Sunday, August 15, 2010

Day 3: Challis, Idaho to Elk City, Idaho

I'm really behind on this. Sorry. Between the scarcity of WiFi and cell service compounded by my road fatigue the blog has slipped as a priority. So, enough with the apologies....

We woke up in a pretty somber mood knowing the John was injured. I went to bed before he returned from the Orthopedist but found out from the grapevine that the doctor believed it was a bad sprain instead of a break. Having suffered both I consider this the worst case. I spent a few minutes with John before leaving and he was high as a kite! Good for him. He had a circuitous route to return home which would involve plane changes and layovers that must be torturous with a bad wheel. I hope they gave him a big bottle of those pills. Lloyd would be spending his day making sure John got off okay from the airport in Missoula and wouldn't be joining us in Elk City this evening or supporting our trip to get there. This was a day for caution.

My group got a pretty late start. My riding group for the day was Dan Bowman, Jason Ennis, and Brent Cotton. Jason had been a standout on Massacre Mountain the day before so I was pretty sure he should be out front. But I got pushed out front with my GPS to start the day and, as has become routine, I was relieved of my position after getting us lost a couple times. Oh well. I felt less pressure leading an ace rider around anyway and his example actually helped me during the day.

The city of Challis is located in a valley beside the Salmon river between two impressive mountain ridge line's and we made our way north in the valley to a sandy, rocky, twisty pass which took us to much more lush and green surroundings. We had a picturesque ride along a dirt road which hugged the Salmon river as we moved north to the quaint little town of Shoupe. Shoupe is famous for it's gas pumps which are the antique glass bulb style which the proprietor manually pumps into the bell and then rounds your dispensed fuel to the nearest half gallon. The current proprietors have run the place for about a year and only own the business. Someone else owns the building and the Bureau of Land Management (BLM which is omnipresent in Idaho) leases the rights. Seems tenuous to me but this place is a fixture that has survived a long time with this arrangement. Anyway, it was a really cool stop and I had a delicious Huckleberry milkshake to go with my gas.

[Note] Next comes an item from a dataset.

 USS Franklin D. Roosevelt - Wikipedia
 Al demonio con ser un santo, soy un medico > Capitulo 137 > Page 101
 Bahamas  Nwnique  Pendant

In retrospect we all lingered too long in Shoupe and our group definitely got too late of a start from the hotel anyway. So as we began our route from Shoupe to the Magruder Corridor we tried to pick up the pace. Dust is a big problem when alot of bikes are moving down the trail and the bottleneck leaving Shoupe made it rough going for everyone. With all these factors no one begrudged Brent any when he told us to go on and he'd tag on with a slower moving group which was kicking up less dust for him to deal with. So the three of us pressed on but it was pretty clear we were going to end the ride in the dark. With that in mind we moved at a safe and prudent pace but didn't waste alot of time with stops. But as the sun dropped low in the sky we slowed to a crawl as we fought the blinding sun, dust, and the rocky trail. That's just no fun. Twilight brought relief but it was short lived as darkness then slowed us with a general lack of visibility.

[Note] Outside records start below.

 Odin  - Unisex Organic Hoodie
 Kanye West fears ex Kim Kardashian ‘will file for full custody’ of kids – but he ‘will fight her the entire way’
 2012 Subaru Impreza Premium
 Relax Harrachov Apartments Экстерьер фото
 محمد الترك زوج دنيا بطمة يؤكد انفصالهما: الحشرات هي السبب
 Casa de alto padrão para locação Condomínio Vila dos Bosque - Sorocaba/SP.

The moon was magnificent and amazingly bright. The Magruder is a very remote area of the Bitterroot Forest made infamous for a theft and murder during the boom times of local mining. It was stunning under the bright moon light and I couldn't help but to remind myself that this beautiful forest could turn ugly if we had a big problem. Jason and I lined up beside one another and Dan did his best to shine his light around us. This put lots of light down the trail but was pretty difficult riding for me as I tried to handle obstacles with half the trail and hopefully not take Jason out when I made mistakes. We managed ~30 mph this way but 72 miles like this was a long ride. By the end of the Magruder Corridor we were about 200 miles into our day and the second half was the hard half.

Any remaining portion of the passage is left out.